→ To do: Using the listing below, please print exactly the lines from the one with "Picture of ENAMEL 16CM OBLONG PIE DISH" through the one with "Alien script coloring book | Walter Mosley". Leave out every picture.

→ Task material:

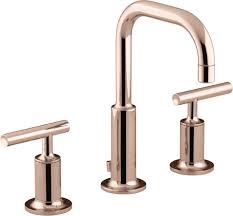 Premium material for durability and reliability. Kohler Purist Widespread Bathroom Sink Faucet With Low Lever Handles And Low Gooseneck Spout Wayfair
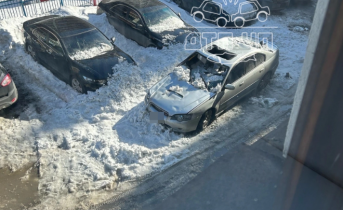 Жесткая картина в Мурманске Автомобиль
* * *
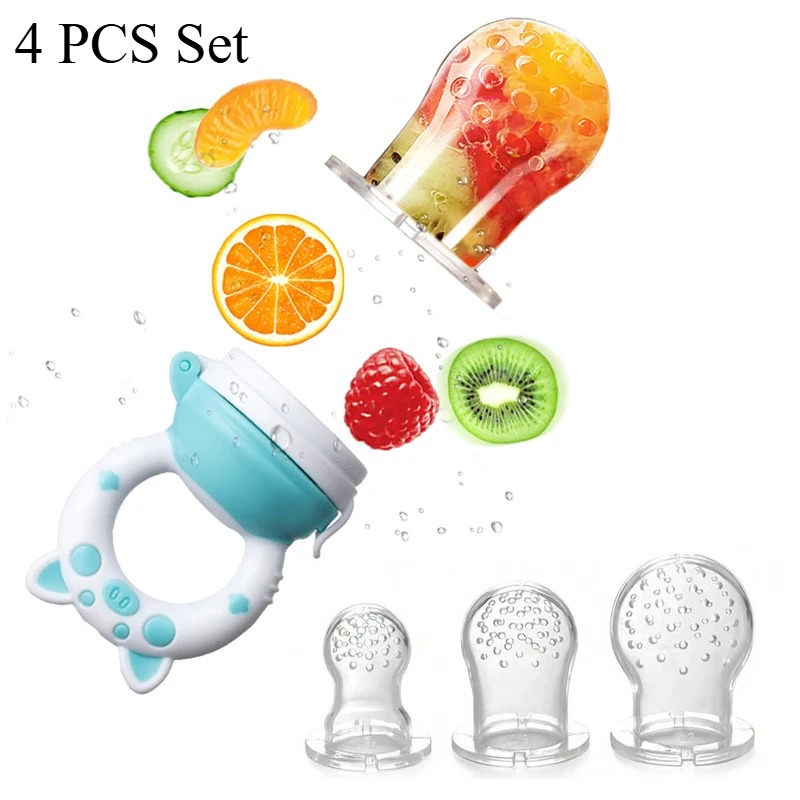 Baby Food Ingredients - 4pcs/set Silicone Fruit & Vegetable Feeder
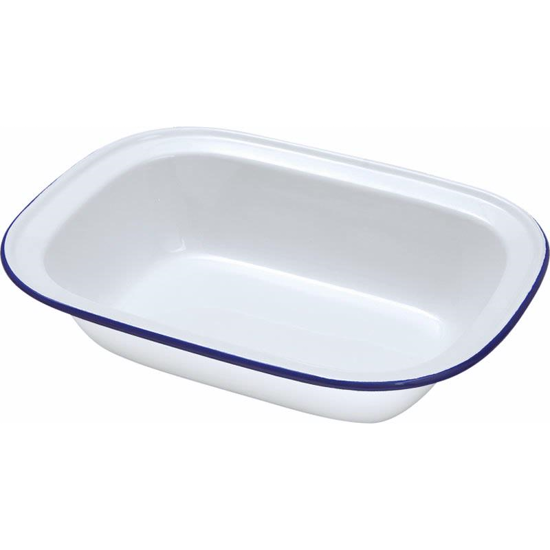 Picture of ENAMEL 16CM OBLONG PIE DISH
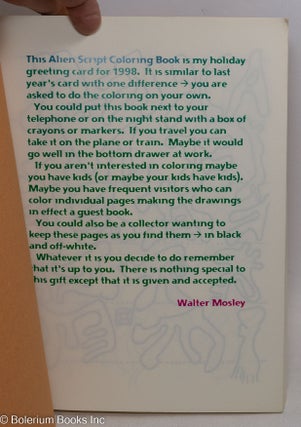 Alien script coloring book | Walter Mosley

→ Reply:
 Picture of ENAMEL 16CM OBLONG PIE DISH
 Alien script coloring book | Walter Mosley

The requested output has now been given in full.